Task requirements
Strip the pictures, then copy the remaining data exactly as it stands.

Data excerpt

....

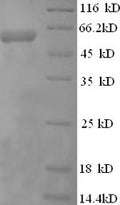 Recombinant Human Perforin-1 (PRF1) – Figure 1 of 1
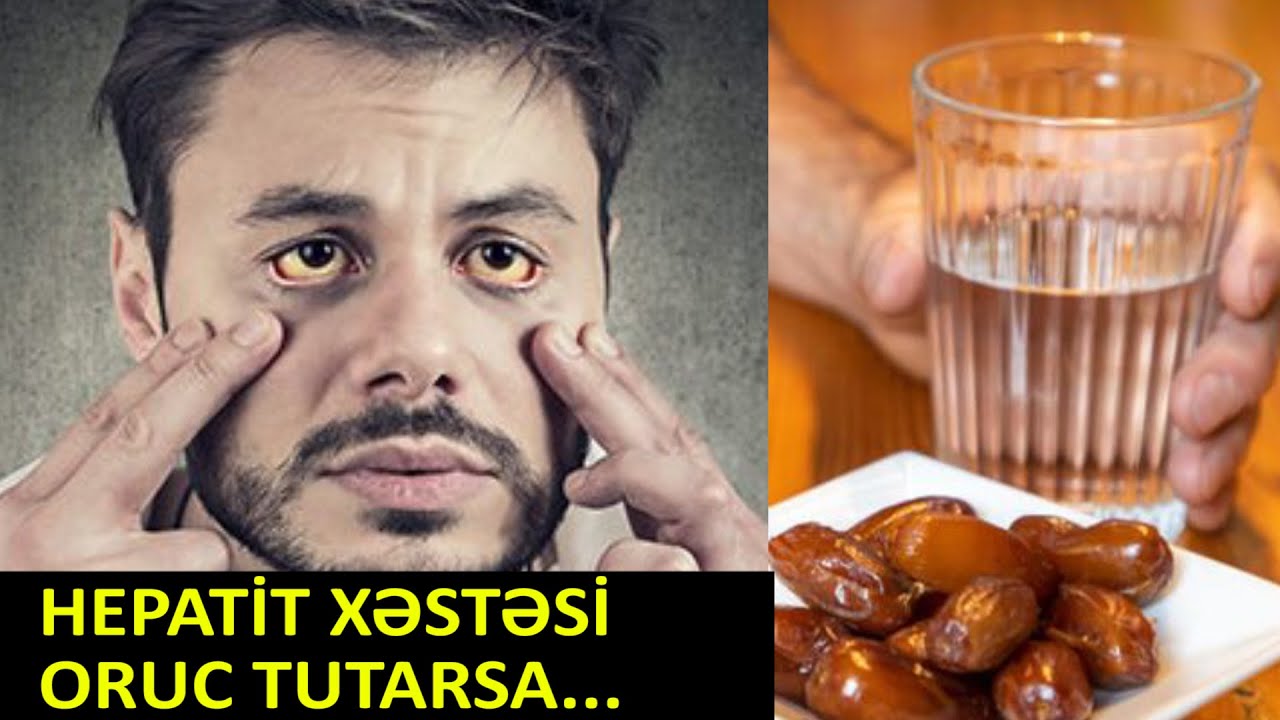 Hepatit xəstələri! - Oruc tuta bilərmi?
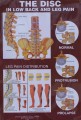 Disc and Vertebrae Anatomical Poster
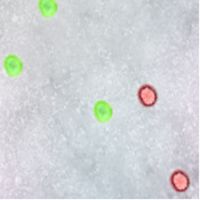 Sick Cells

....

Reply
 Recombinant Human Perforin-1 (PRF1) – Figure 1 of 1
 Hepatit xəstələri! - Oruc tuta bilərmi?
 Disc and Vertebrae Anatomical Poster
 Sick Cells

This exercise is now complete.